La ramification du réseau de tramway de Bordeaux n'est pas une alternative à la construction d'un métro. Cette mesure rendrait l'exploitation du réseau plus compliquée alors que les difficultés d'exploitation sont déjà nombreuses.

Vers une hausse inquiétante des collisions

Un tramway toutes les 2,5 minutes conduit à monopoliser l'espace public au seul profit des transports collectifs. Certes, cela a pour corollaire la marginalisation de l'automobile. Mais cela a aussi des effets indésirables puisque les modes doux de déplacement se trouvent également marginalisés. Il suffit de rappeler que la hausse de 12% du nombre de cyclistes en 2017 s'est doublée d'une augmentation de 50% du nombre de collisions vélo/tramway. Ce constat est éclairant sur la cohabitation de plus en plus difficile entre un tramway aux fréquences élevées et les modes doux de déplacement.

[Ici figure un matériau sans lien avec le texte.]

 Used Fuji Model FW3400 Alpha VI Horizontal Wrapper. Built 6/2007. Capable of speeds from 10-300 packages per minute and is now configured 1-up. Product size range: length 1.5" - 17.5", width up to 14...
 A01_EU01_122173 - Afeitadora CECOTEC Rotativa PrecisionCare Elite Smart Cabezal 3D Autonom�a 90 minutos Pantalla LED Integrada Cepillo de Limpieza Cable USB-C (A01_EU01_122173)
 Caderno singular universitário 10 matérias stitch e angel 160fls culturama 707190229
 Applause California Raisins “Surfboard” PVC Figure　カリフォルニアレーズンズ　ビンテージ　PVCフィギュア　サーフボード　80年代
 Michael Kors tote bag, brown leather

Strasbourg : la ramification congestionne le réseau

La solution consistant à ramifier le réseau de tramway n'est manifestement pas viable à Bordeaux. Les expériences menées dans d'autres villes amènent également à s'interroger. A Strasbourg, une infrastructure est empruntée par plusieurs lignes. L'objectif, comme à Bordeaux, était de répondre à la saturation du réseau en multipliant les noeuds de correspondance.


Quels sont les enseignements à tirer de cette expérience ? Le tramway est toujours saturé et à ce problème s'est ajouté celui de l'encombrement des infrastructures. La fréquence sur les troncs communs, empruntés parfois par trois lignes, est insoutenable et conduit à de sérieux ralentissements. La vitesse commerciale du tramway en centre-ville est tombée sous les 10km/h. Loin de diminuer la pression sur le pôle de correspondance historique, le maillage du réseau a contribué à congestionner des pôles de correspondance émergents. L'Eurométropole parle d'une "complexification de l'exploitation".

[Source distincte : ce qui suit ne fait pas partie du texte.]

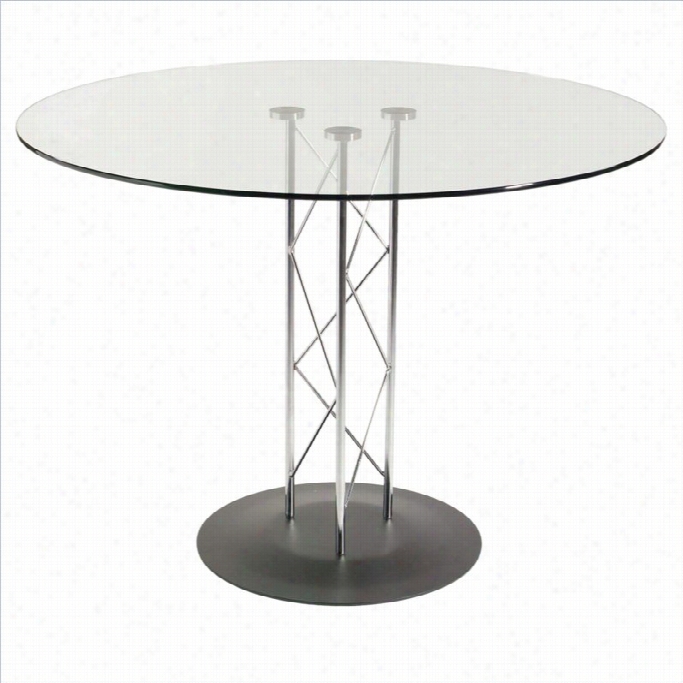 Eurostyle Taby 48 Inch Acsual Dining Synopsis With Glass To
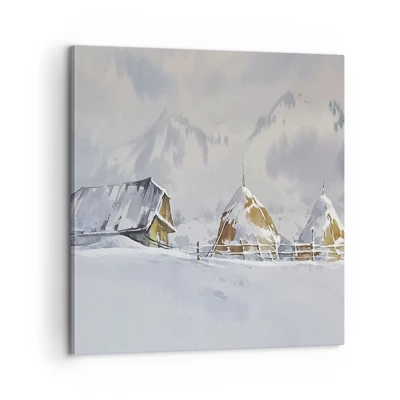 Cuadro sobre lienzo - Impresión de Imagen - En un valle nevado - 60x60 cm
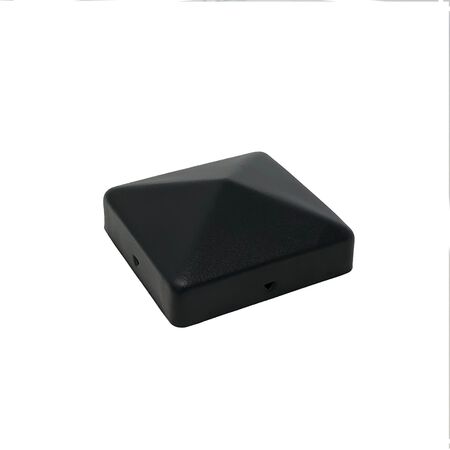 3-7/8” x 3-1/2” Black Eazy-Cap™ Patented Pyramid USA Post Caps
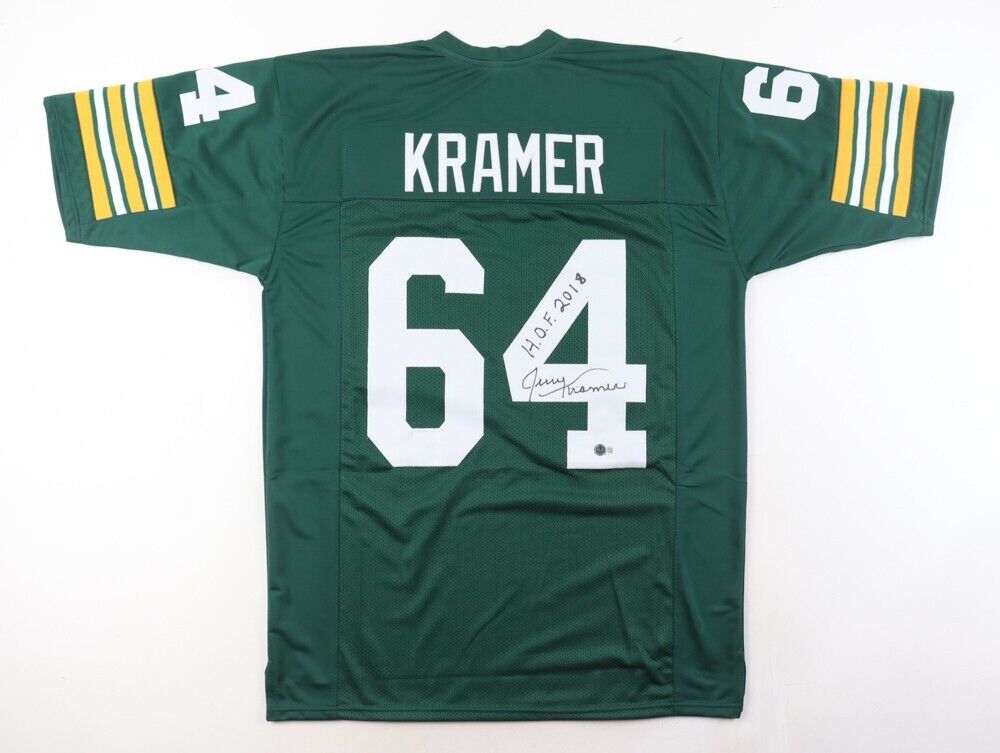 Jerry Kramer Signed Green Bay Packers Jersey Inscribed "H.O.F. 2018" (Beckett)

Loin de diminuer la pression sur le pôle de correspondance historique, le maillage du réseau a contribué à congestionner des pôles de correspondance émergents.

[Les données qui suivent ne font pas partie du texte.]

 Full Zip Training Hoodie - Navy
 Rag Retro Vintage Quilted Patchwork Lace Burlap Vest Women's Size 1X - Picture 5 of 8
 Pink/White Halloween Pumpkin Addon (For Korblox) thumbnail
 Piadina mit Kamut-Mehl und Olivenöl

Ces difficultés d'exploitation ont justement convaincu Genève à procéder au "démaillage" de son réseau pour revenir à des principes d'exploitation plus clairs, plus lisibles et plus simples.


Karlsruhe décide finalement d'enterrer son tramway

À Karlsruhe, le réseau de surface maillé conduisait également à un encombrement de l'espace public à cause de l'incessant ballet des tramways et des tram-trains. L'agglomération a depuis opté pour la construction de deux sections souterraines pour permettre aux transports en commun de tenir des fréquences élevées tout en restituant l'espace public aux modes doux de déplacement.




La ramification du réseau de tramway n'est pas une alternative à la construction d'un métro. Cette mesure rendrait l'exploitation du réseau plus compliquée alors que les difficultés d'exploitation sont déjà nombreuses.

La ramification du réseau de tramway n'est pas une alternative à la construction d'un métro.

L'occupation de l'espace public due au métro lorsqu'il évolue en souterrain est limitée aux infrastructures d'accès aux stations : totems, ascenseurs et escaliers. Avec moins de circulation en surface, l'espace public peut alors être réaffecté aux autres usages urbains et particulièrement aux modes doux de déplacement.




---------------------------------------

(1) Alors que le taux de panne du tram pour 10 000 kilomètres était de 0,32 en 2014, il était de 0,54 en 2018. Sachant qu'en 2014, les tramways ont parcouru 4.708.987 kilomètres au total (kilomètres commerciaux + kilomètres "haut-le-pied"), il y a donc eu 151 pannes en 2014. En 2018, les tramways ont réalisé 6.891.991 kilomètres au total, ce dont on déduit la survenance de 372 pannes. Autrement dit, entre 2014 et 2018, le nombre de pannes a augmenté de 147% sans aucune proportion avec l'augmentation du nombre de kilomètres parcourus (+46% seulement sur la même période). Ne sont par ailleurs comptabilisées que les pannes bloquantes avec remorquage-poussage ou haut-le-pied. Il ignore donc les interruptions du trafic de courte durée mais suffisantes pour désorganiser un réseau avec des fréquences importantes.